Many people feel uncomfortable making plans for their own deaths. This is an understandable reaction, but it is also important for everyone to overcome it. Dying or becoming incapacitated without an estate plan can leave behind a frustrating legal and financial mess that your loved ones will have to clean up. It can also make it impossible for your loved ones to know what to do if you are on life support or similarly unable to make decisions.

If you need any assistance developing or modifying your estate plan, the Schlegel Law Group is here to help. Our experienced estate planning attorneys will help you carefully weigh all of your options and make solid decisions about your family’s future.

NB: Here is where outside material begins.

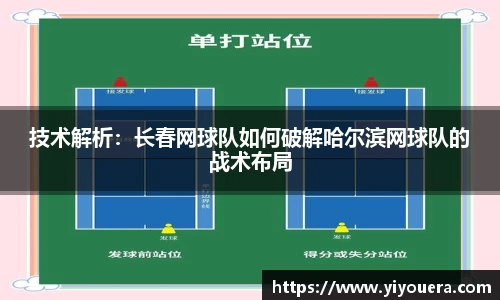 技术解析：长春网球队如何破解哈尔滨网球队的战术布局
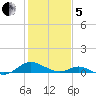 Barren Island tide chart for Wednesday, February 5, 2025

The Elements of an Estate Plan

The average estate plan will have at least three basic components:

  • The will: Your will outlines what will happen to all of your assets after your death. Even if you do not think you have significant savings or possessions, you can still help your family immensely by organizing a will. Without one, your surviving relatives may become trapped in long-lasting and costly court proceedings while settling your estate.
  • Power of attorney: This is a document that grants a person or organization the authority to make decisions for you when you cannot. This includes enforcing the terms of your will, making decisions about your healthcare, and handling your tax matters. You may appoint power of attorney to anyone you trust.
  • A healthcare proxy, or living will: This is a document that spells out your wishes if you are unable to make decisions about your healthcare. Important decisions like whether your organs can be donated, or whether to leave you on life-support indefinitely, can be listed here. Without a living will, it may be very difficult for loved ones to enforce your wishes.

Depending on your circumstances, you may wish to add further components to your estate plan. For example, some people begin a trust to support their surviving dependents.